Although I was always a jazz musician at heart, the differences between jazz and classical music have always blurred for me. Some of my most favorite music is by Wagner. I discovered the Debussy trio for flute, viola, and harp as a student. I heard it the other day and it still affects me just as it did back then.

Describe your early work in London where you went after you finished at Berklee.

I was in London for a week and then decided to go back to Africa because I had been gone for four years. While in Rhodesia, I met the girl who became my wife and we returned to England where she was from.

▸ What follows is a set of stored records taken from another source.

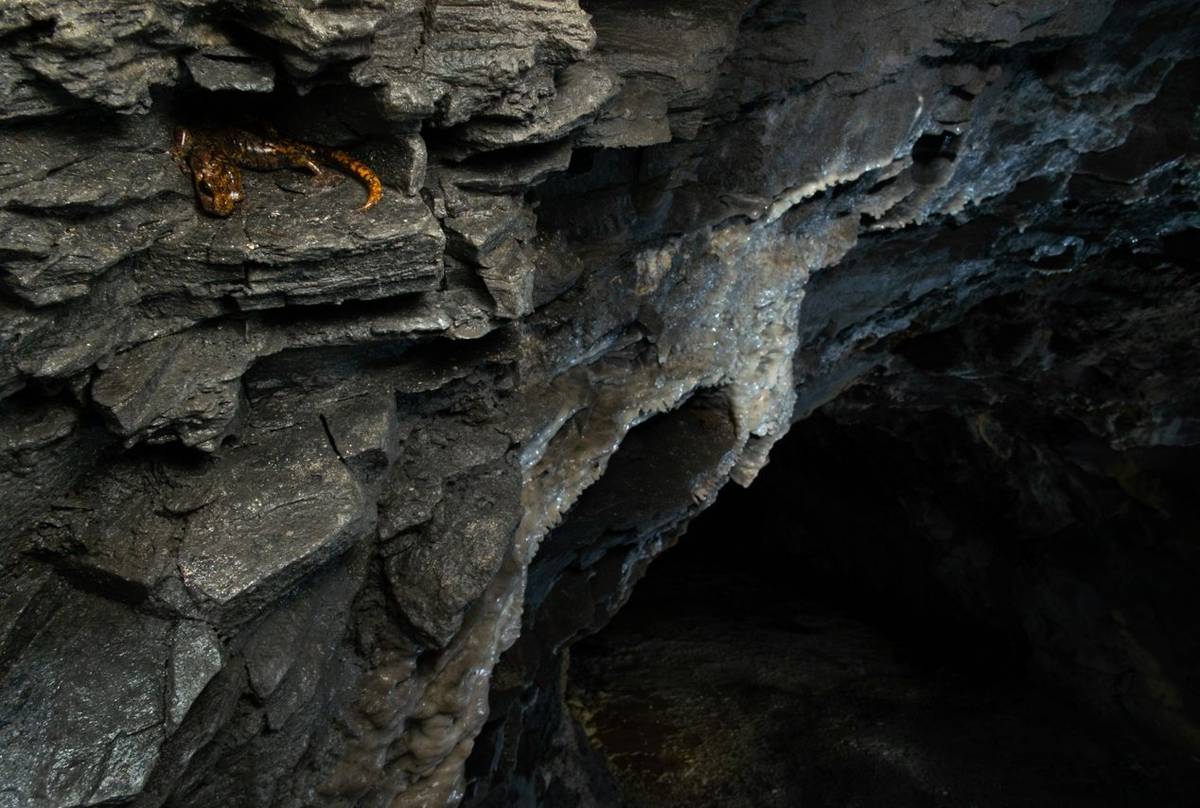 Strinati's Cave Salamander (Speleomantes strinatii) © Simone Giachello
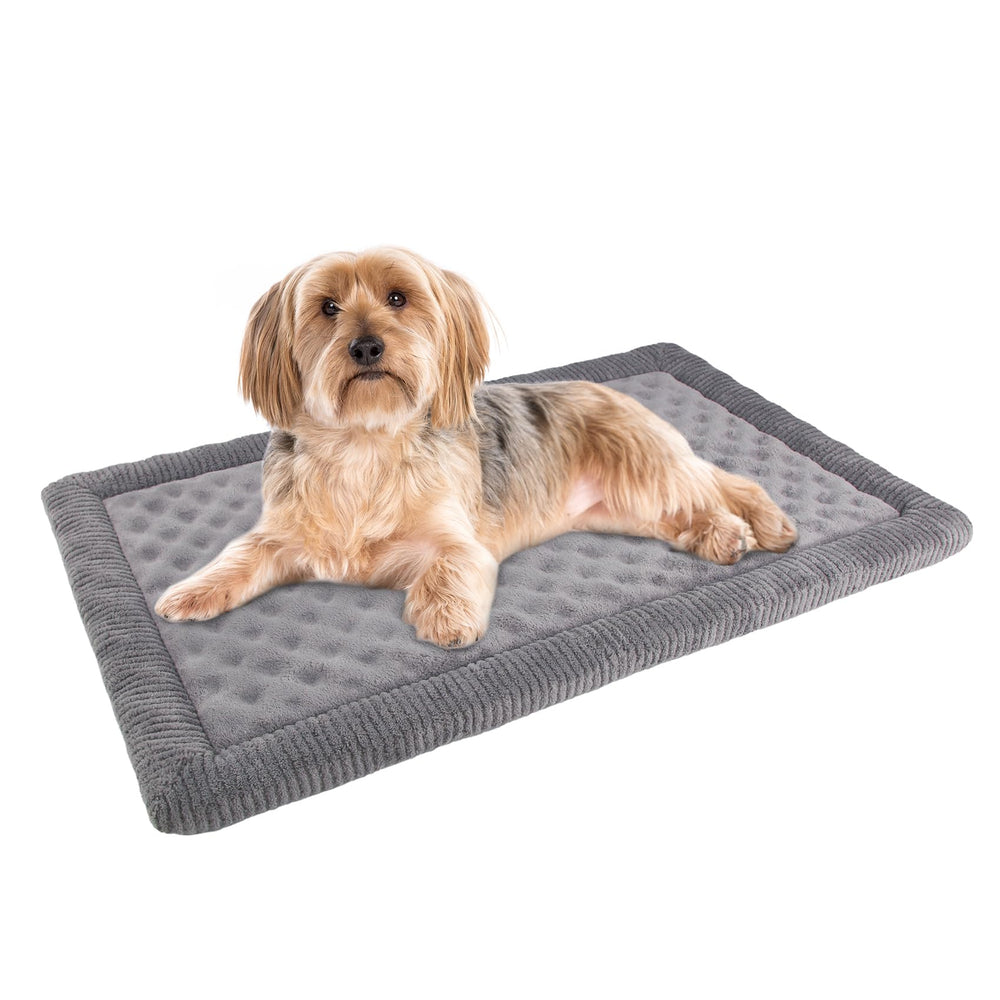 PAGGED coussin caisse chien 24x17 gris, idéal pour petit chien ou chat dans une cage.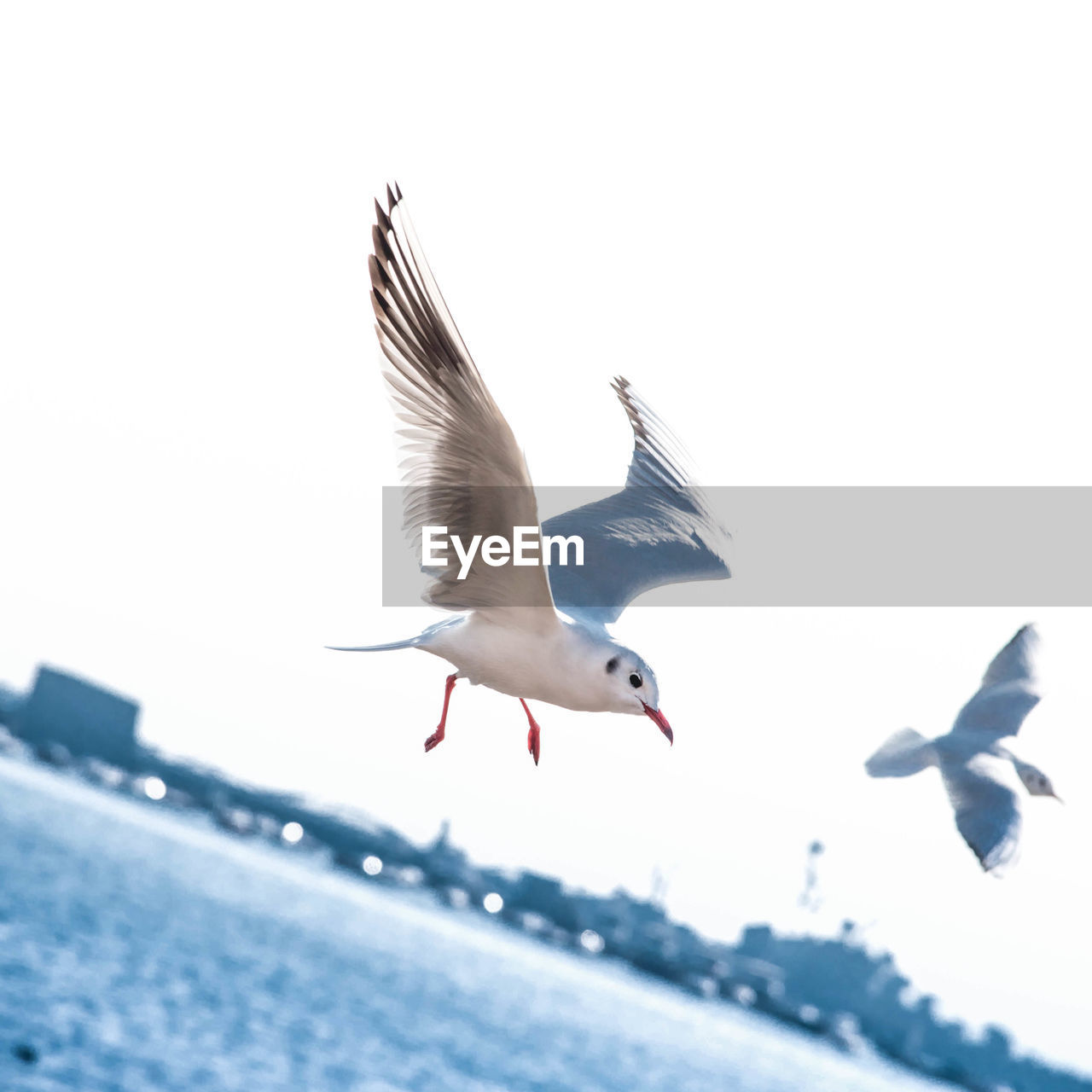 Birds flying in sky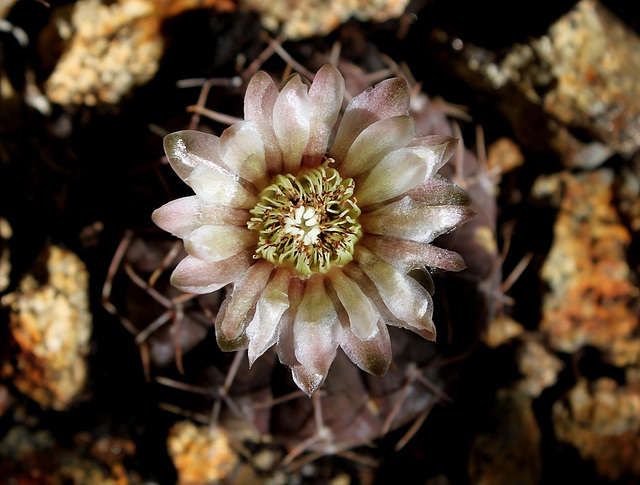 Gymnocalycium stellatum - occultum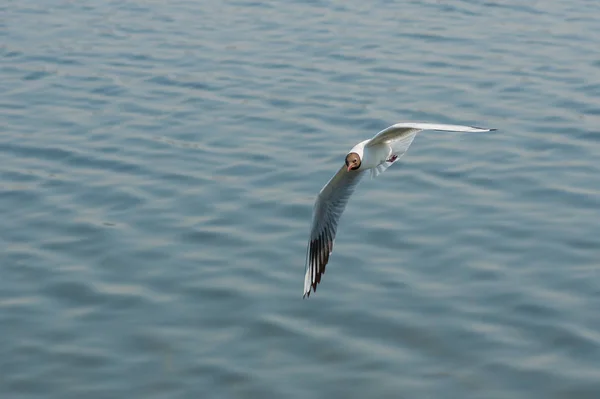 Μαυροκέφαλος Γλάρος Κάνοντας Πτήση Πάνω Από Τον Ποταμό Δνείπερος Στην — Φωτογραφία Αρχείου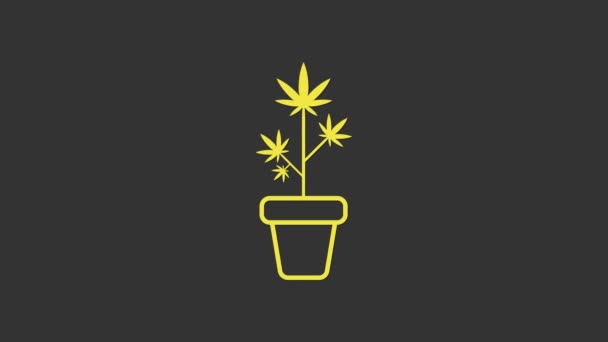 Жовта медична марихуана або конопляна рослина в іконі горщика ізольована на сірому тлі. Зростає концепція марихуани. Шемп потовк рослину. 4K Відеографічна анімація — стокове відео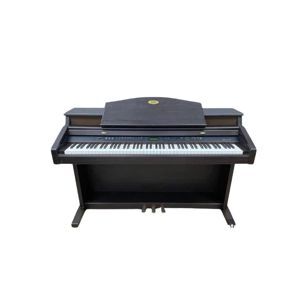 Đàn Piano Điện Kawai PW-1000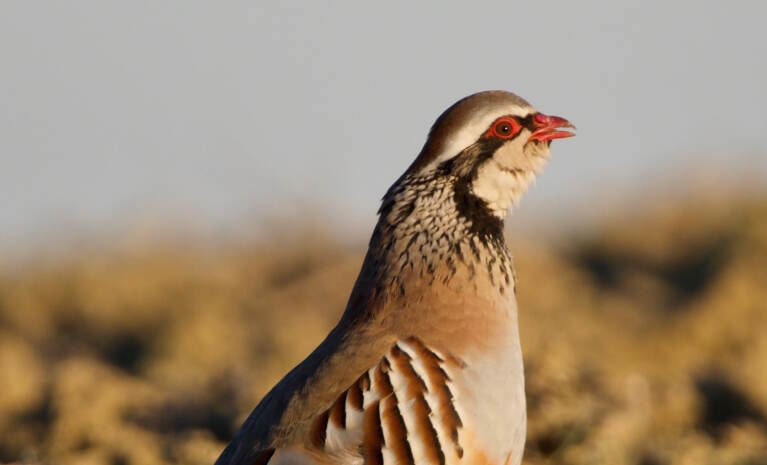 Pakistan National Bird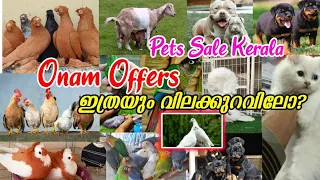 💙Fancy Pigeon❤‍🔥Cat💞Dogs🥰Hen🤗Goat💝Low Rate Pets Sale Kerala💛Pravu Valarthal😻Kerala pets farm kerala🤍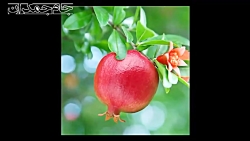 کلیپ کوتاه عاشقانه درباره خدا...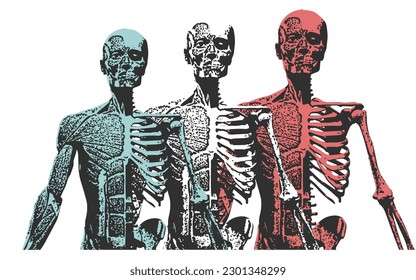 Anatomía del esqueleto humano como rayos X para la música de afiches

I had met Graham Collier [’63] at Berklee and within my first week in London, I started working in his band with [trumpeter] Kenny Wheeler and [drummer] John Marshall. That introduced me to the local jazz musicians. While playing with a rehearsal band, I met [saxophonist and bandleader] John Dankworth who needed a trombonist to back his wife, [singer] Cleo Laine. We became friends and I started writing for John. After that, the BBC heard my music, I formed a band in 1968, and things never stopped.

What prompted your return to teach at Berklee in 1974?

Gary [Burton] was a faculty member at the time and arranged to bring me over to be an artist in residence for one year. I ended up staying nine years. I created arranging and composition classes that were built around what I was doing professionally. One arranging class was done in the studio where students learned to book musicians, work with an engineer, and record and overdub parts. I had an analysis class where we would analyze any kind of music. So there was the analysis class, three arranging classes, and a composition class. I taught what I felt the students needed to know.

You wrote orchestrations for so many artists. What made you a fit for that type of writing?

I arrived at Berklee to teach just after I did the orchestrations for John McLaughlin’s Apocalypse album in 1973. It was very popular and attracted students to my classes. After hearing that album, Peter Gabriel called me for a project. After I arrived in Boston, I went right to Electric Lady Studios in New York to work with Stanley Clarke based on what he had heard of the McLaughlin album. But jazz fusion all began with Gary Burton’s early albums with Larry Coryell. By Gary asking me to write for them, I became part of that music. I’m labeled as a fusion musician, but that was never my intention, it just came out that way.

Has your approach to writing music changed over the years?

I’ve always applied the same process. My goal was always to search to the end of my own envelope and do my best regardless of what the music was. The degree to which I could push the envelope was different from movies to pop music to my own jazz. On the projects I did with [producer] Narada Michael Walden, I knew not to go too far out of bounds. I have listened to Debussy for years, and at the end of La Mer, he wrote the highest A-flat I had ever heard in classical music. It’s an octave above the A-flat on the fourth ledger line above the treble staff. Narada asked me to work on a piece in A-flat and I couldn’t resist putting that note in the strings two times. After we listened back, Narada looked at me as if to say, “What are you doing?” I told him I’d never recorded a double A-flat in any of my repertoire. He took one out and left the other in for me. I thought that was a sweet gesture.

On October 19, Berklee will host a concert that will hearken back to your concerts at Berklee in the 1970s. Will it represent music from different periods in your life?

It will. I have a list of pieces I am drawing from. One or two of them will be from that original Only Chrome-Waterfall Orchestra concert from May 1975. Susan and Lee Berk [former Berklee president] attended that concert as their first date, and Susan has commissioned me to write a fanfare for the concert.

Ti Muntarbhorn [’80] is organizing logistics for the concert in Boston. Greg Hopkins will rehearse a band made up of Berklee students and faculty members. Bill Frisell [’77], Gary Burton, and Jim Odgren [’75] will be guest soloists. I plan to spend two weeks in Boston so I can go to the rehearsals. I also want to see people from my days in Boston.